§ **Required action**
All entries below need to be written out exactly, but without their pictures.

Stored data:
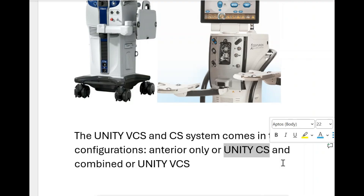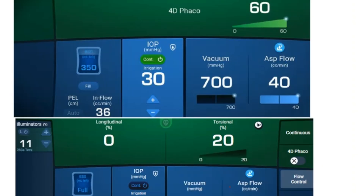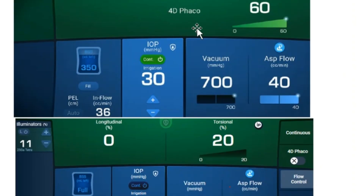The first thing I notice is 4D FECO, as you can see in this panel. The top consultants of Alcon talk about 4D FECO, and I'm curious to understand what it means, because this was not present in the Centurion Vision System. Let's try to understand what 4D FECO means.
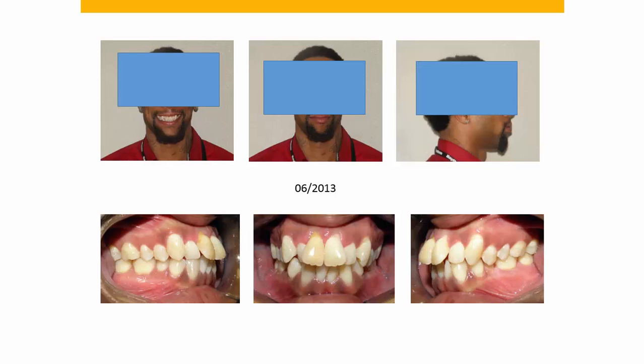With cone beam CT, we can see not only the tooth on an individual basis and its supporting bone, but we can see the anatomy of the underlying bone, which may not be consistent with the torque expression that we're using in our particular bracket prescription.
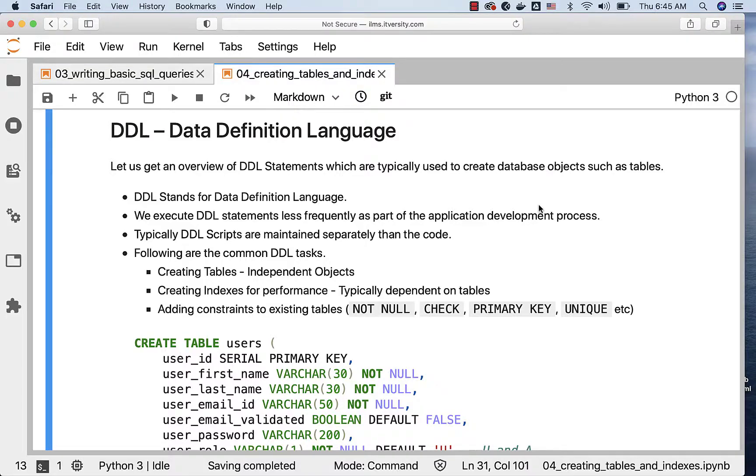Let us get an overview of DDL statements, which are typically used to create database objects such as tables. DDL stands for Data Definition Language.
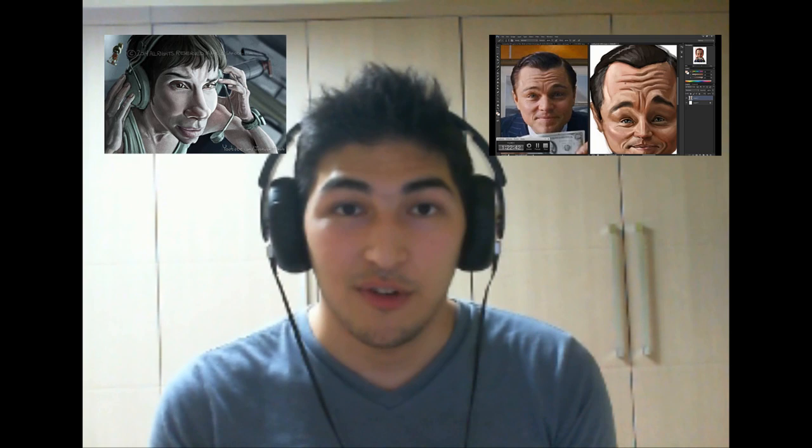Also I did another painting of Sandra Bullock from Gravity. I just forgot to record the process so if you want to see that you can go to my Facebook page facebook.com/MarcusSakodaCaricatures and you know like my page if you want to see when I post a new video or even when I post artwork that I didn't record.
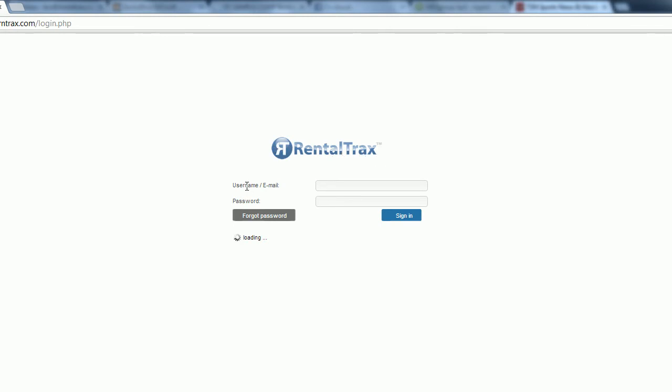When you log in, you're going to use your username and email - the first email that you signed up for the program with. The password was sent to you in the welcome email as well. It's a computer-generated password, so it's all automated and not set up by us or anybody else. You enter the password that you were sent to your email and click sign in.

§ **Solution**
The first thing I notice is 4D FECO, as you can see in this panel. The top consultants of Alcon talk about 4D FECO, and I'm curious to understand what it means, because this was not present in the Centurion Vision System. Let's try to understand what 4D FECO means.
With cone beam CT, we can see not only the tooth on an individual basis and its supporting bone, but we can see the anatomy of the underlying bone, which may not be consistent with the torque expression that we're using in our particular bracket prescription.
Let us get an overview of DDL statements, which are typically used to create database objects such as tables. DDL stands for Data Definition Language.
Also I did another painting of Sandra Bullock from Gravity. I just forgot to record the process so if you want to see that you can go to my Facebook page facebook.com/MarcusSakodaCaricatures and you know like my page if you want to see when I post a new video or even when I post artwork that I didn't record.
When you log in, you're going to use your username and email - the first email that you signed up for the program with. The password was sent to you in the welcome email as well. It's a computer-generated password, so it's all automated and not set up by us or anybody else. You enter the password that you were sent to your email and click sign in.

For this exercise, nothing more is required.